Extreme cinema event: Film and Broadcasting in the 21st Century

Eye For Film reports on the fraught issues of censorship.

by Keith Hennessey Brown

This poorly publicised and attended event, co-organised by Film Four and The Institute for Contemporary Arts, was a launching pad for their joint attempt to alter the UK's outdated and inconsistent laws on film and broadcasting censorship.

Because of the muddle, the rules governing what can be shown in the cinema, on video, on satellite and on terrestrial TV differ Nick Jones, head of film programming at Film Four/Channel 4, explained. For instance, how the two channels screened different versions of The Idiots, while the censored footage from the film was made available on the unregulated internet.

Clearly something has to be done. But the tone of the event - and the organisers' choice of Last House on the Left as the accompanying film - lead me to suspect that Film Four and the ICA are not going to go as far as many in the "extreme cinema" community would like.

Of all the films that could have been chosen for a debate on film censorship, Last House on the Left and Salo - the latter to form the centrepiece of the ICA's event screenings later in the year - are perhaps the easiest to make a case for. Mark Kermode aptly introduced Last House as an "arthouse/exploitation" film. It's one of the few banned horrors that can make claims to art, and has long had its vocal supporters.
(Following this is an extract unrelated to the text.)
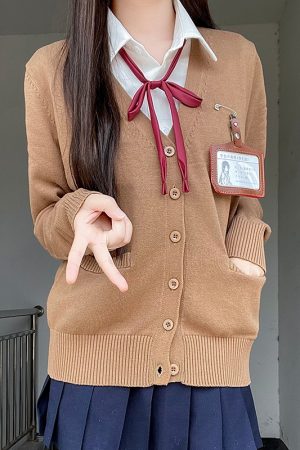 JK Uniform Long Sleeve Knitted Cardigan Sweater in Dark Gray and Yellow - College Style Pudding Bear 2025 Fashion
Though certainly glad of the chance to see the film, my own feeling is that a screening of a film more genuinely beyond the pale would have been more useful in stimulating debate.

Clearly, given Kermode's mention of "animal cruelty" as one of the two unacceptables - along with child abuse - neither Cannibal Holocaust nor Cannibal Ferox was ever going to get a look in. Films notorious for their alleged misogyny, such as I Spit On Your Grave and The New York Ripper, could however have been screened within such strictures. These are the titles which even Kermode and fellow mainstream horror critics like Kim Newman draw the line at. Surely showing the most extreme examples on can is what opening discussion about "Extreme Cinema: film and broadcasting censorship in the 21st century" ought to be about?
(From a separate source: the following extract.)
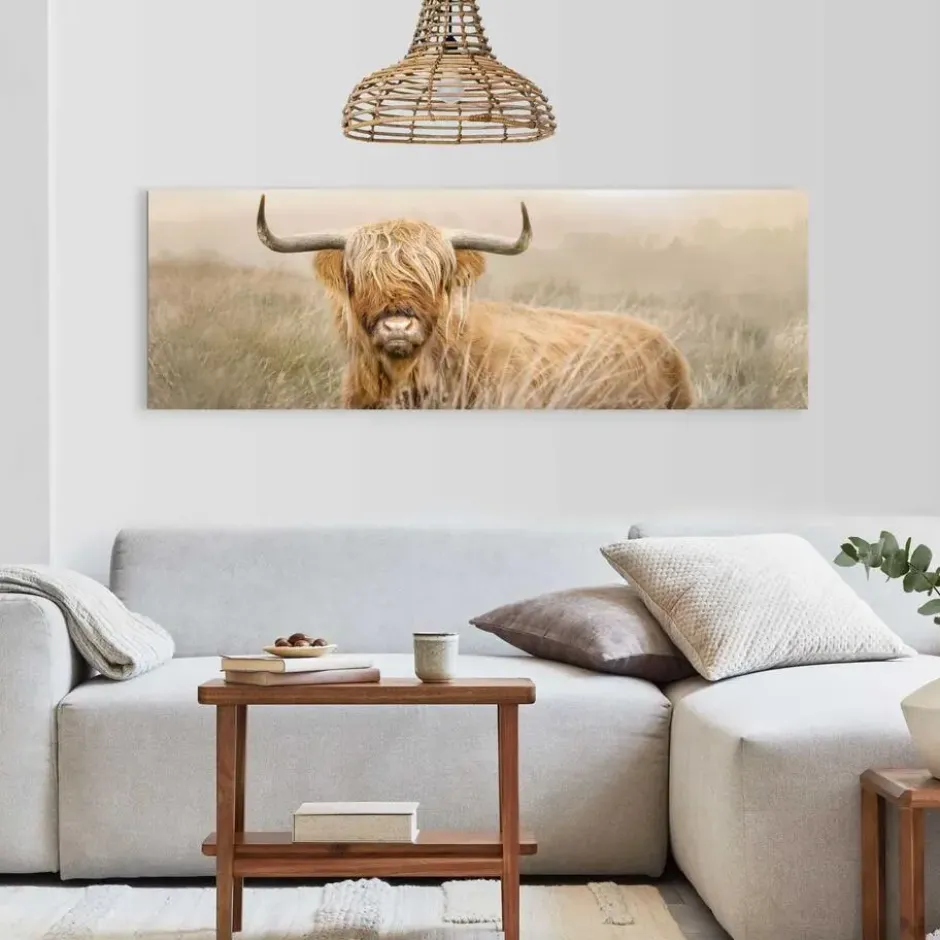 Schilderij Hooglander - 52 x 156 - Beige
This leads me to fear that this campaign for a change in the UK's unacceptable censorship laws will sadly not go far enough. One detects an attitude that wants the freeing up of titles with some claim to art - the Last Houses and Salos - but which may draw a middle class line at those which exist purely as exploitation - the House on the Edge of the Parks and the SS Experiment Camps.

Last House on the Left itself is a Vietnam-era update of Ingmar Bergman's The Virgin Spring. Two teenage girls on their way to a concert run into Krug Stilo's gang, who brutalise, torture, rape and eventually murder them. Krug and company then unwittingly hide out at the house of one of the girls. Her parents discover what has happened and extract their revenge on Krug and his gang.

The film is exceedingly rough, veering between crude comedy - particularly the two incompetent policemen - and still shocking violence. Its masterstroke or downfall, depending on how you respond, is the score by David Hess, the actor who plays Krug.

Deeply ironic or just plain inappropriate jolly shitkicker music accompanies the violence. Prior to the film, Kermode asked us to think about whether adults ought to be prevented from seeing Last House on the Left. My answer would be no. But then you knew that anyway.

So, my question for the Film Four and ICA organisers would be "ought adults to be prevented from seeing anything that does not directly contravene the law?" My hunch is that they might not be so sure.